As with AjRaCeR805, my complaints are a result of direct experience and frankly I wasn't impressed at all. I have my Kappa components and coax sitting behind me as I type this, and I can tell you with 100% certainty that the single pair of Focal Polyglass (just a little more expensive than the kappa comps) that are in my car now have better clarity, softer highs, and more midbass than all 4 kappas that were in my car before combined. The reference series don't have quite the power handling of the kappas, but they sound much better IMO and they're cheaper. For a very limited budget I would recommend the reference, but that's all I would ever recommend to someone (except the subs, I'm not talking about those).

Their speakers are reliable, but there are much better choices out there for the money.


----------



## soundman (May 1, 2004)

for those of use that have a limited budget and cant spend every dime on our cars infinity is a good choice. i just looked at the prices on some of the focal products and its a little out of my range. infinity has never let me down. i have two ref 12's and i paid 120 dollars for both of them. if there is anything out there that sounds better and is cheaper i havnt seen it. and i have owned the ref 3 1/2 and the 6x9's and i am still very pleased. no disrespect to sr20demon at all i respect your opinion. no matter what your age is you can always learn more. but from the stand point of use broke people long live kenwood, pioneer, memphis, and infinity.


----------



## Zac (Mar 10, 2004)

As far as i am concerned, MB Quart makes the nicest speakers. They have a line which is just as affordable as infinity.


----------



## sr20dem0n (Mar 19, 2003)

soundman said:


> for those of use that have a limited budget and cant spend every dime on our cars infinity is a good choice.


See that's the thing though, Infinity speakers are overpriced and you can get a much better product without spending a dime over the cost of the Infinities. Focal's Access line is about the same price as the Infinity Kappa and will destroy it every way imaginable.
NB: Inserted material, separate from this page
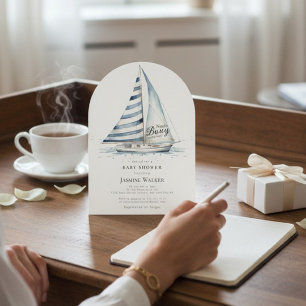 invitación divertida para baby shower Nauti Bouy n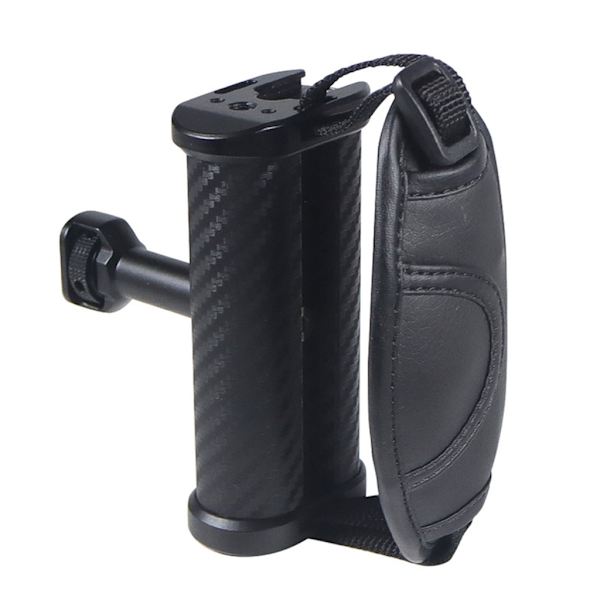 Universalt sidehåndtak justerbart aluminiumshåndtak 1/4" skrue Cold Shoe Mount Håndtak opp og ned justerbar montering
Boston Acoustics has some great bargain stuff as well.

Ah well, we can argue opinions until one of us dies from an epileptic siesure and no one will come out on top. Bottom line, you like Infinity, I don't


----------



## Punkrocka436 (Jul 8, 2003)

me neither!!!


----------



## soundman (May 1, 2004)

what do yall think of eclipse


----------



## Zac (Mar 10, 2004)

Eclipse=OK/MB Quart and Focal=much better build quality, power and sound reproduction (Focal and MB rate their speakers at much less than half of what power they can actually handle...all 3 have similar prices. Polk just released a line of very inexpensive component sets which I heard in person and at medium volume levels, sound reproduction was highly impressive.


----------



## Punkrocka436 (Jul 8, 2003)

im not sold on polk at all. The highs are there, but any note under 1000 hz is non-existant.


----------



## soundman (May 1, 2004)

i just got all eclipse for my se-r they wont be in for a while cuz well i need to finish puting the car back together


----------



## Zac (Mar 10, 2004)

Punkrocka436 said:


> im not sold on polk at all. The highs are there, but any note under 1000 hz is non-existant.


1000 or 100?


----------



## Punkrocka436 (Jul 8, 2003)

NickZac said:


> 1000 or 100?


1000....i may be embellishing exacts, but there is little to no midbass out of polks.

You dont want your comp set playing below 100 hz....thats waht the sub is for


----------



## sr20dem0n (Mar 19, 2003)

Punkrocka436 said:


> You dont want your comp set playing below 100 hz....thats waht the sub is for



I have mine crossed at 50hz


----------



## Punkrocka436 (Jul 8, 2003)

sr20dem0n said:


> I have mine crossed at 50hz


DAYUM!!....mine is crossed at 200 hz right now. What do you think? Lower


----------



## Zac (Mar 10, 2004)

Punkrocka436 said:


> DAYUM!!....mine is crossed at 200 hz right now. What do you think? Lower


I'm at 80. I think 1000 is a little over estimating, that frequency is all trebble. Even if no a whole alot of mids, they have to have some.

Yea, and 200 hz? Most subs don't play much above 100. Mine doesn't


----------



## soundman (May 1, 2004)

i like to cross somewhere between 60-80


----------